WORK ORDER:
Could you write out, exactly as they stand, only the lines in the listing below from the line with "Bilim Bilim İdesi" to the line with "sua fé é sua fortuna", both ends included, without the pictures?
DATA RECORDS START
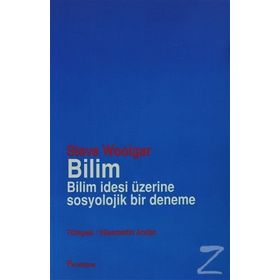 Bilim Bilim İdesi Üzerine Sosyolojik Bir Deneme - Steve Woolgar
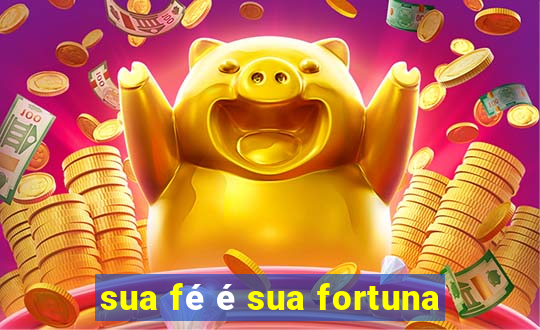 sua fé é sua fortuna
DATA RECORDS END
DATA RECORDS START
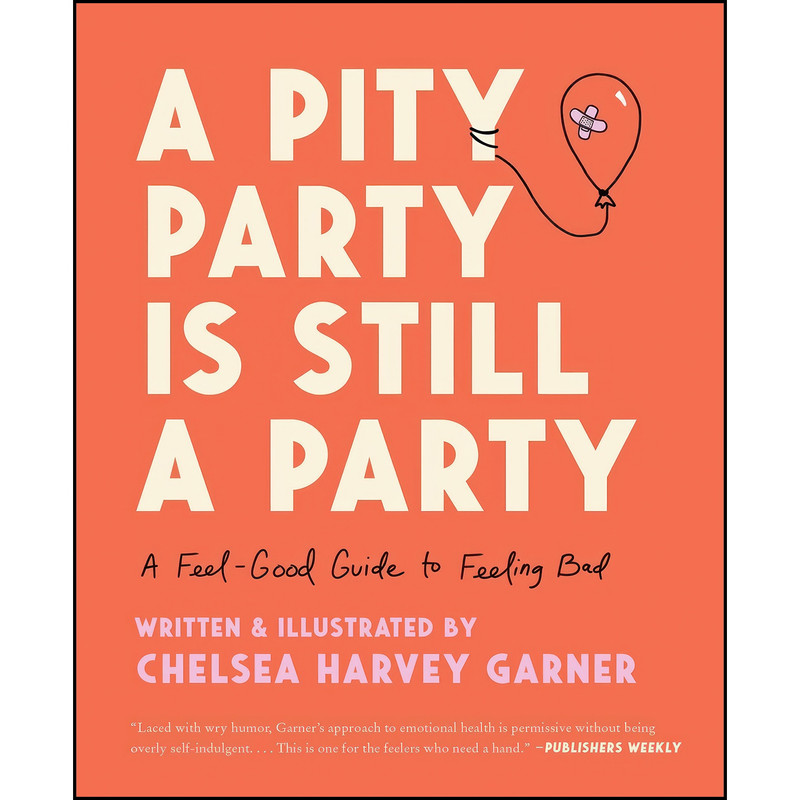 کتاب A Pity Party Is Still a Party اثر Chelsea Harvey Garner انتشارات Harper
DATA RECORDS END
REPLY TO THE EXERCISE:
 Bilim Bilim İdesi Üzerine Sosyolojik Bir Deneme - Steve Woolgar
 sua fé é sua fortuna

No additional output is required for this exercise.